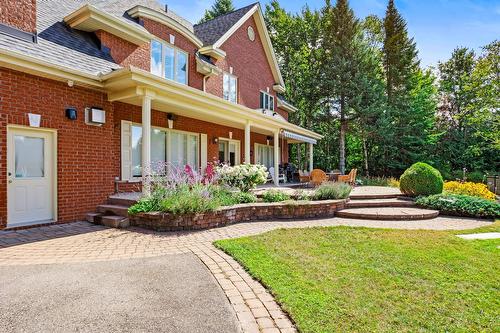 Frontage - 388 Mtée Du Val-De-Loire, Saint-Adolphe-D'Howard, QC - Outdoor With Deck Patio Veranda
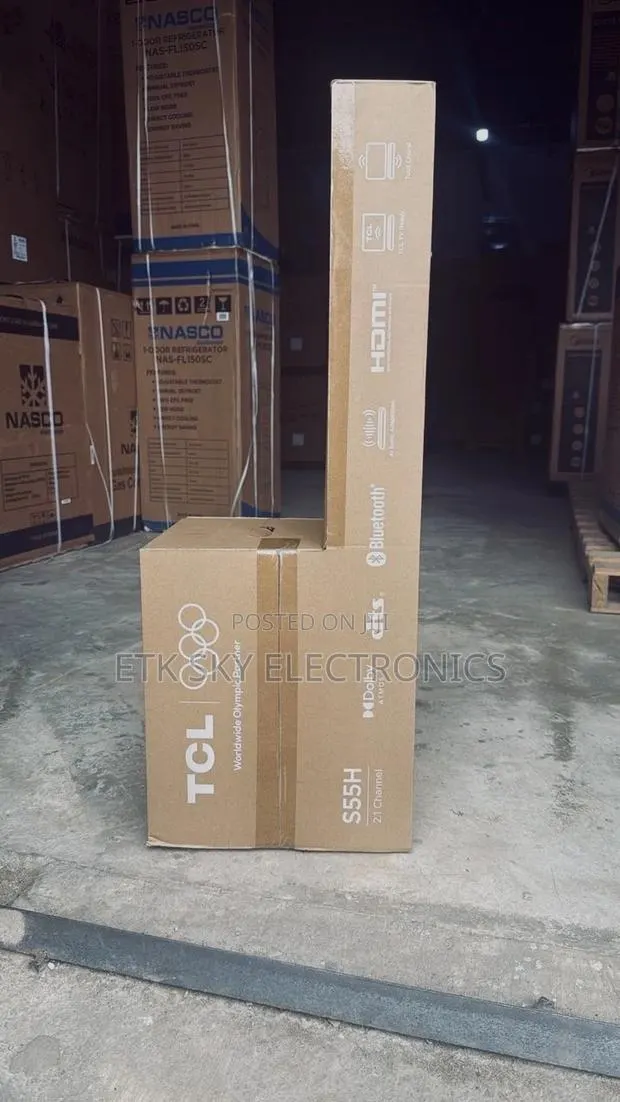 Quality TCL 220w Sound Bar · Photo 1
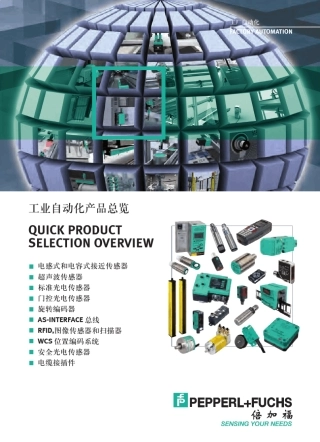 倍加福光电开关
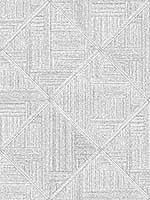 Cade Grey Geometric Wallpaper 297526208 by A Street Prints Wallpaper for sale at Wallpapers To Go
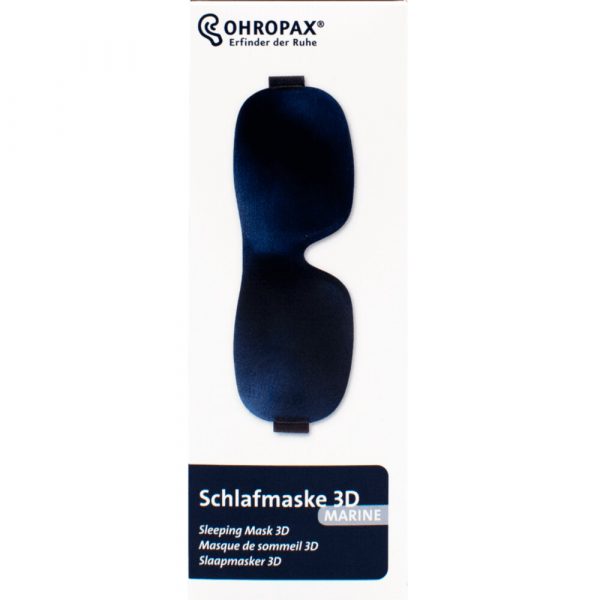 Ohropax Slaapmasker Blauw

++++++++

Action item » Set down all of the material word for word, minus its pictures.

Problem solution »
 Frontage - 388 Mtée Du Val-De-Loire, Saint-Adolphe-D'Howard, QC - Outdoor With Deck Patio Veranda
 Quality TCL 220w Sound Bar · Photo 1
 倍加福光电开关
 Cade Grey Geometric Wallpaper 297526208 by A Street Prints Wallpaper for sale at Wallpapers To Go
 Ohropax Slaapmasker Blauw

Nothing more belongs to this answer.